Batailles’ these is zonder meer interes­sant. Zijn argument ‘De schilderingen doen mij meer dan vitrines vol prehistorische ge­reedschappen’ is een empirisch argument dat interessante be­spiegelingen tot gevolg heeft gehad. De bespiegelingen zijn zinnig maar ook eigenzinnig. Ze on­derstrepen dat ieder­een zijn eigen interpretatie kan en mag geven van Lascaux. Totdat het weten­schappelijke onderzoek is afgerond en de filosofen zijn uitgedacht, kan je veronderstellen dat de kennis verloren is gegaan. Wat overgebleven is, is de schoonheid en die interpreteert ieder naar believen.

DE ONVERSTAANBARE TAAL
De prehistorische grotten vertellen een ver­haal, zoals ook de tekeningen en hiërogliefen in de Egyptische piramides een verhaal vertel­len. Zoals ook de zegelringen uit het oude Mesopotamië een verhaal vertellen.

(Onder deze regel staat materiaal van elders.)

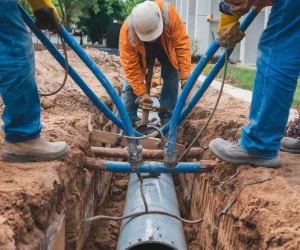 How Much Is a Sewer Line?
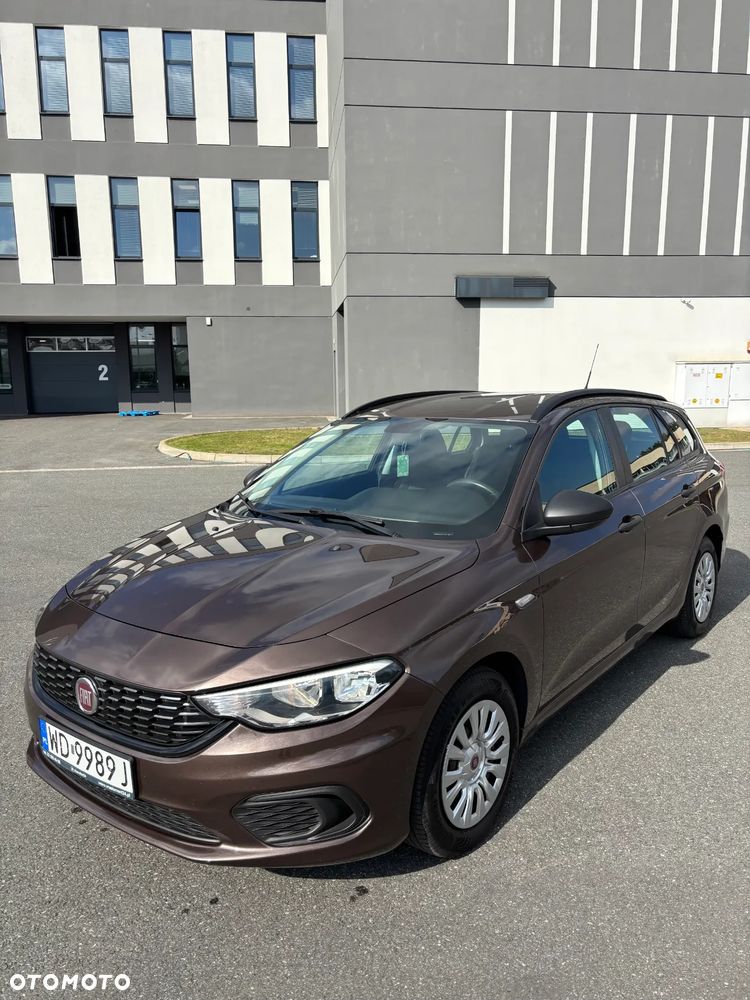 Fiat Tipo 1.4 16v Pop - 1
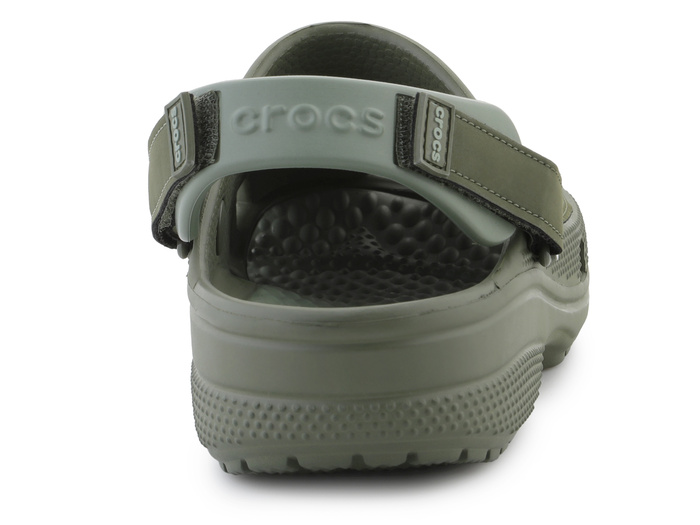 Crocs Yukon Vista II LiteRide Clog M 207689-309 Army Green 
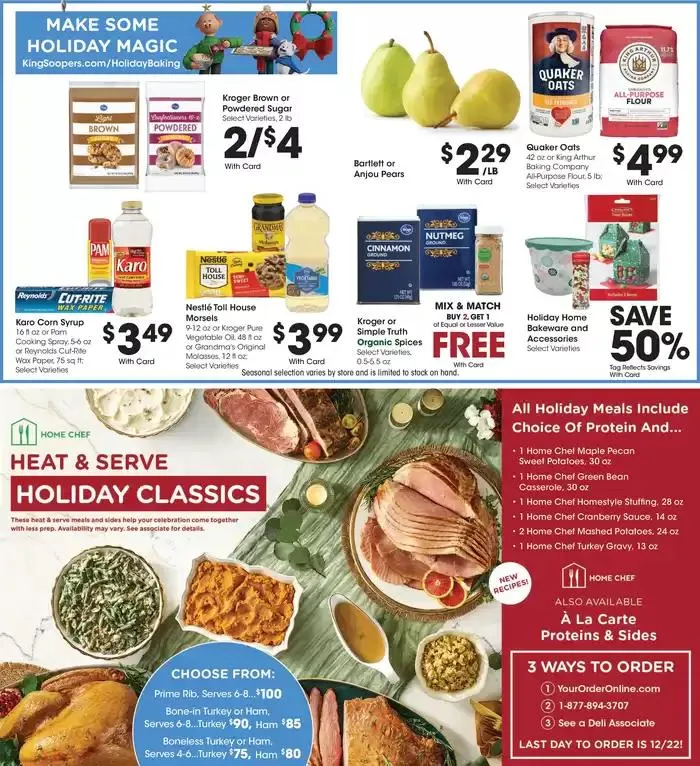 Weekly ad Current special promotions from December 11 to December 17 2024 - Page 7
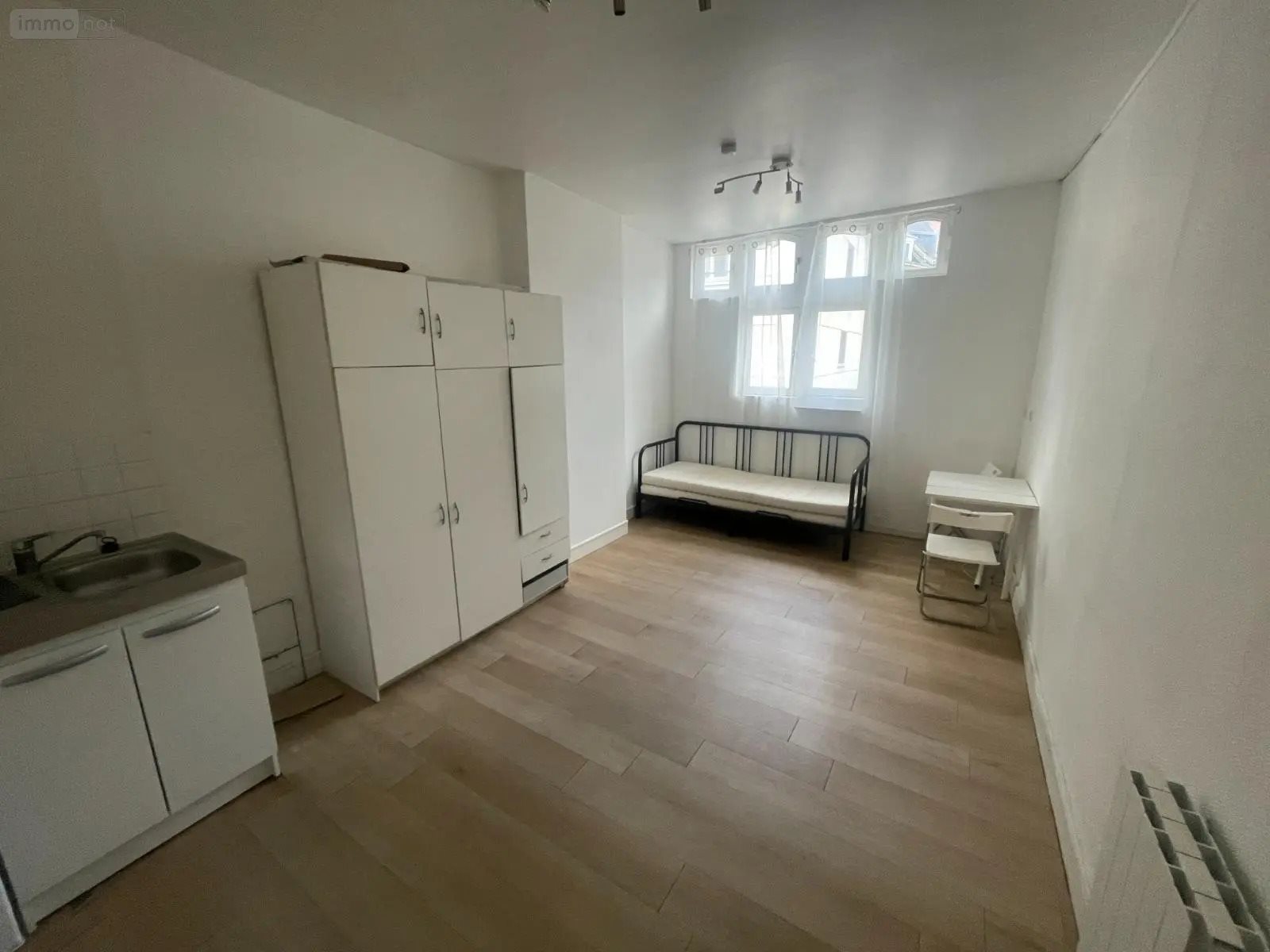 Appartement à vendre, 22m², Orléans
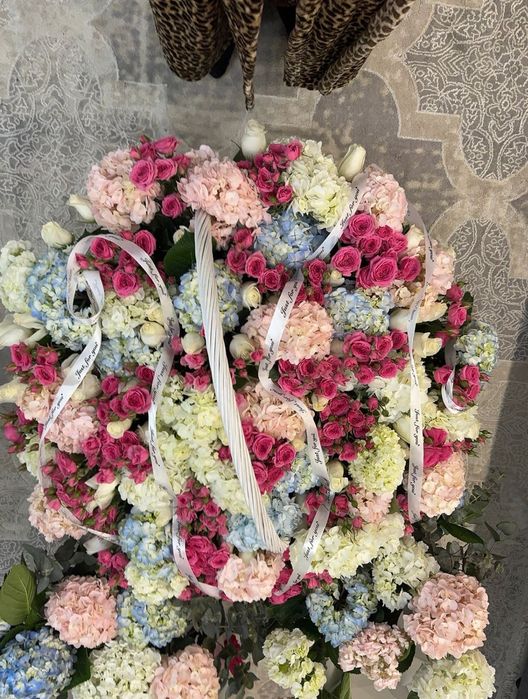 Продам свежие цветы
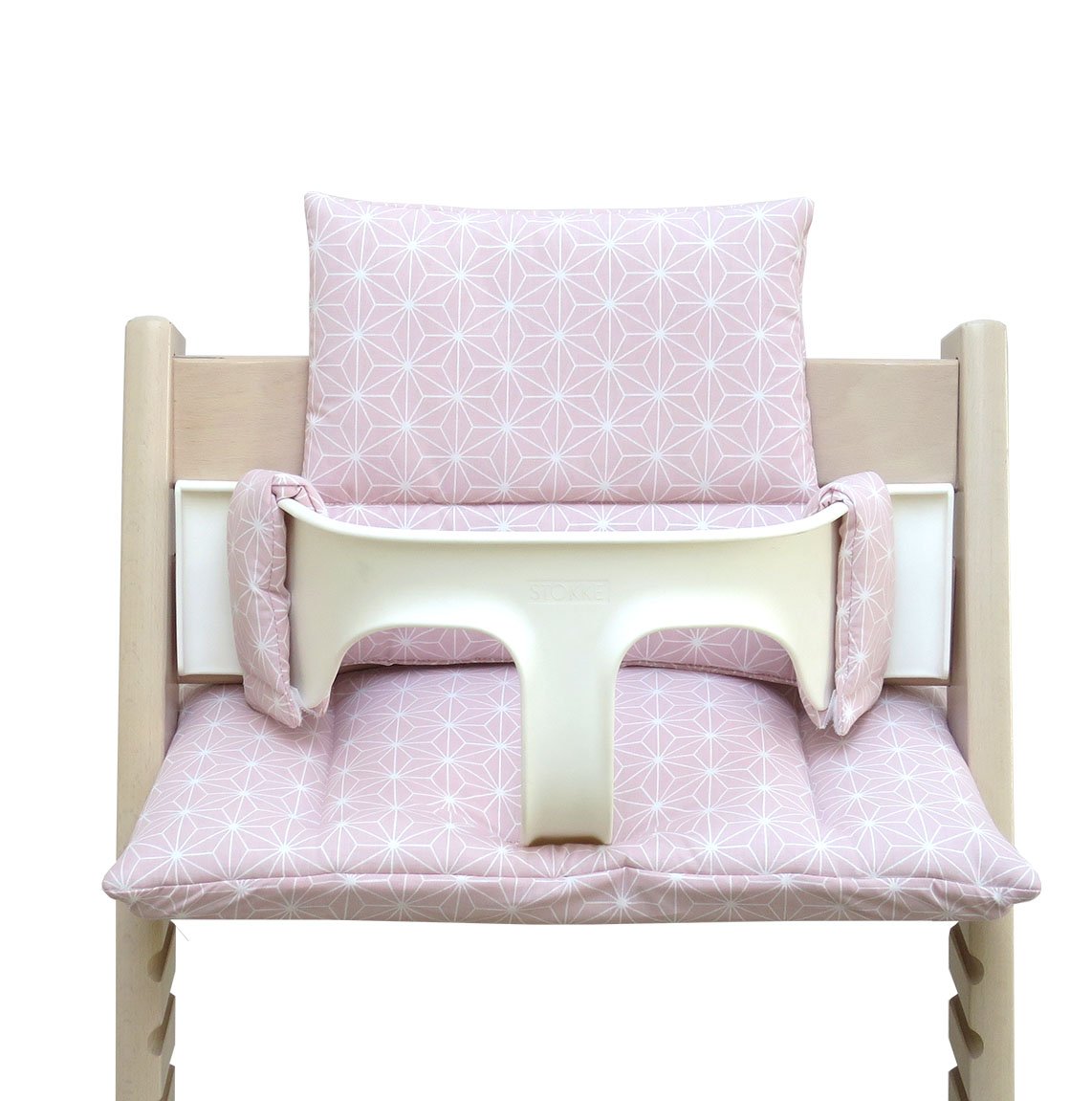 Blausberg Baby Seat Cushion, 41 Colours, Cushion Pad Set for Stokke Tripp T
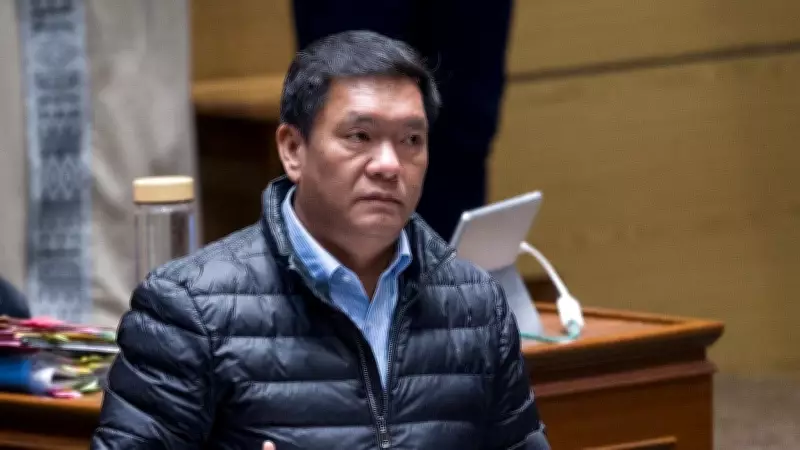 Arunachal Pradesh CM Pema Khandu Condemns Baseless Dalai Lama-Epstein Link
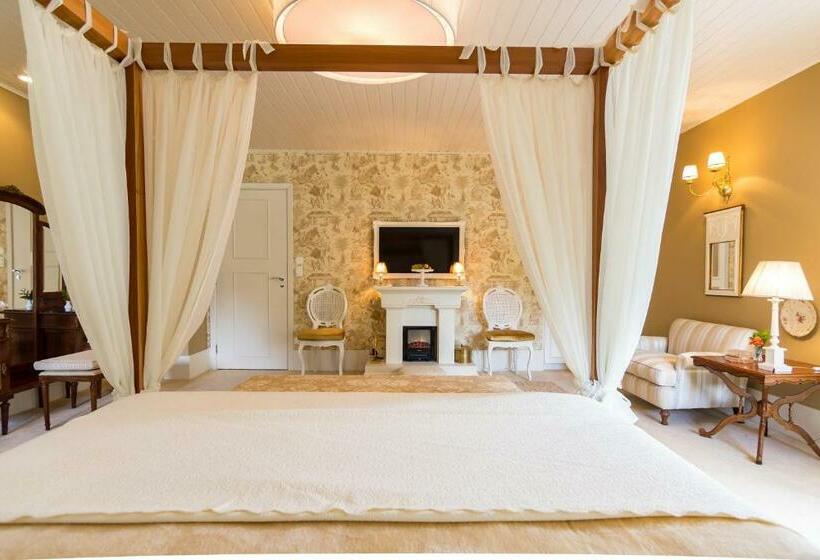 Suíte Deluxe, Casa Regaleira Hotel Boutique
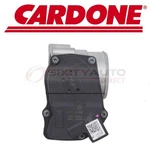 Cardone Reman Fuel Injection Throttle Body For 2015-2018 Volkswagen Golf Lx. Fixed Price $341.33.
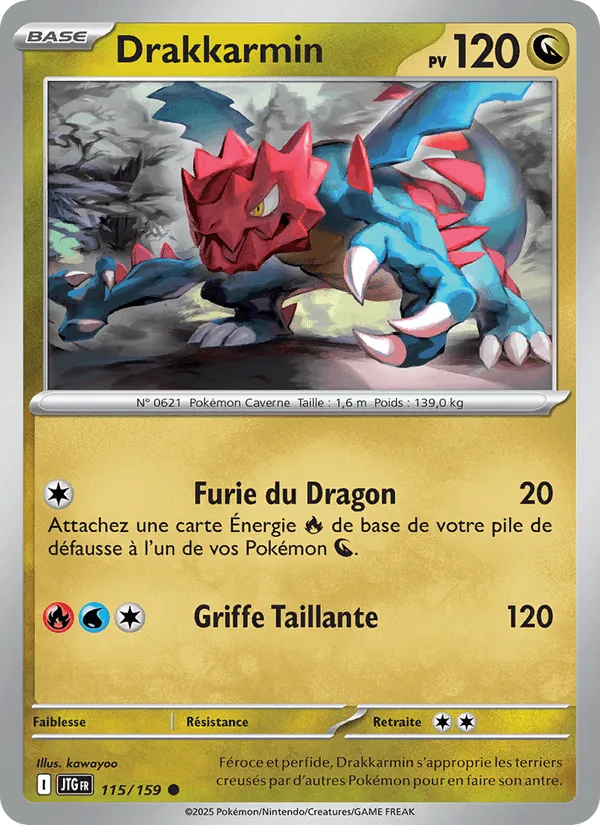 Drakkarmin · Aventures Ensemble 115/159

Het verhaal van Inanna, de godin van het oude Mesopotamië, is een aantrekkelijk verhaal. Haar naam is in Noord Sumerië Ishtar en haar grootheid ten tijde van de Bronstijd is vergelijk­baar met Isis van Egypte en Cybele van Anatolië. Zij is het archetypi­sche vrouwelijke en haar le­ven is het verhaal van geboorte, moederschap, sexuele liefde en vruchtbaarheid, de hemel en de dood. In haar verhaal van het heilige huwelijk wordt de maan en de zon, de aarde en de hemel sym­bolisch verbonden. De vegetatie-god waar­mee Inanna zich trouwt, is Dumuzi-Tammuz. Het overgeleverde gedicht van deze ceremo­nie vertelt hoe de Summarische bevolking dit ritueel op de juiste maanstand in het Summarische paleis uitbeeldt. Rond 2250 voor Christus liep de hoge priester die Dumuzi verbeelde naar de tempel en bracht offers mee voor Inanna. In het gedicht van 2250 voor Christus wordt het huwelijk tus­sen Inanna en de vergoddelijkte koning Isin-Dagan uitgebeeld:

She embraces her beloved husband.
Holy Inanna embraces him.
The throne in the great sanctuary is made glorious,
Like the daylight.
The kind like the Sun-God,
Plenty, happiness and abundance before him prosper.
A feast of good things they set before him,
The dark-headed people prosper before him.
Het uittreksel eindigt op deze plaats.